Advertisement

The Cussing Canoeist Can’t Make a Wrong a Right

Share

I remember my first parent-teacher conference as a parent. Lacy was doing well with her first-grade reading, I was told. She knew her numbers. She was getting along with other children. But there was a problem: She had no grasp of money.

I don’t understand, I said. The teacher explained: I had not taught my daughter to distinguish the value of nickels, dimes and quarters.

I recall the moment, all these years later, because it is no small chore to protect the innocence of our children these days. I figured Lacy would have a lifetime to be concerned with money. Why rush it? I wanted to shield her, if only for a while.

Advertisement

I guess I’m still out of step.

When you take your kids on an outing, I don’t think you or they should have to listen to people standing in the river yelling profanities.

But Michigan’s “cussing canoeist” has proved me wrong. Another nickel-dime nuisance case has cheapened our Bill of Rights.
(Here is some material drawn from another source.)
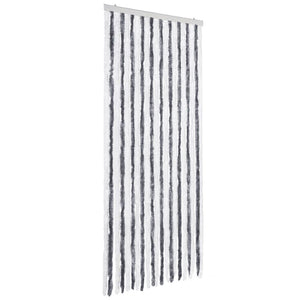 Insektenschutz-Vorhang Grau und Weiß 90x200 cm Chenille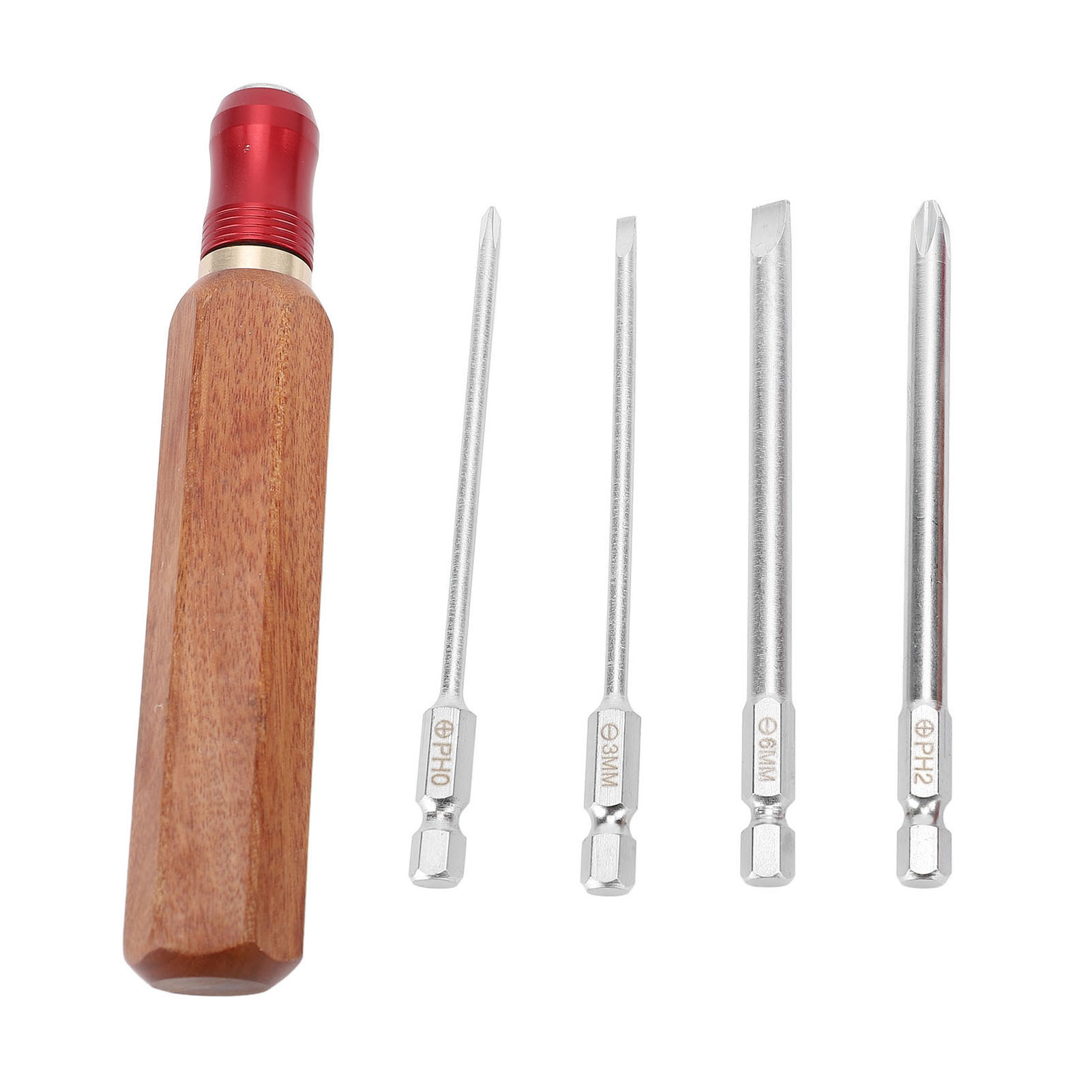 Schnellwechsel-schraubendreherbits, Rutschfester Holzgriff, 6 Mm Und 3 Mm Schlitz, Ph2 Und Ph0, Kreuzschlitzbits Für Heimwerker- Und Holzbearbeitungsarbeiten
First, let me say this: Profanities? I’m for ‘em. I was a Marine, after all. I learned to swear with the best. The ability to deliver a well-timed vulgarity is a skill I admire, and I take a stab at it myself from time to time. I also admire those who have the good taste and restraint to know when not to.

Because newspapers are conservative in these matters, we cannot discuss the words employed by the now-notorious Rifle River canoeist. He was charged with uttering vulgarities in front of women and children. He tangled with the river, took a tumble and began swearing. His friends laughed. He swore more and louder. “It was just clean fun,” he explained.

If I were honest about the antics of my youth, I’d confess that I’ve done just as bad, although I understood full well it was dirty, not clean.

Anyway, we know the rest of the story. Rather than lowering his voice and apologizing, as most of us would have done, Timothy Boomer set out to transform a wrong into a “right.”

Advertisement

Mr. Boomer went to court for the principle. The jury found against him and he was fined $75. But lawyers knew better. A state appeals court said the decision was unjust. The quaint old anti-swearing law was thrown out. Comedians had a laugh about the bluenoses in Michigan who presumed to protect their womenfolk and kids from hard language. So now, in Michigan and surely elsewhere, you can go down to the park and scream profanities around the ladies and their children. It is your right under the Constitution.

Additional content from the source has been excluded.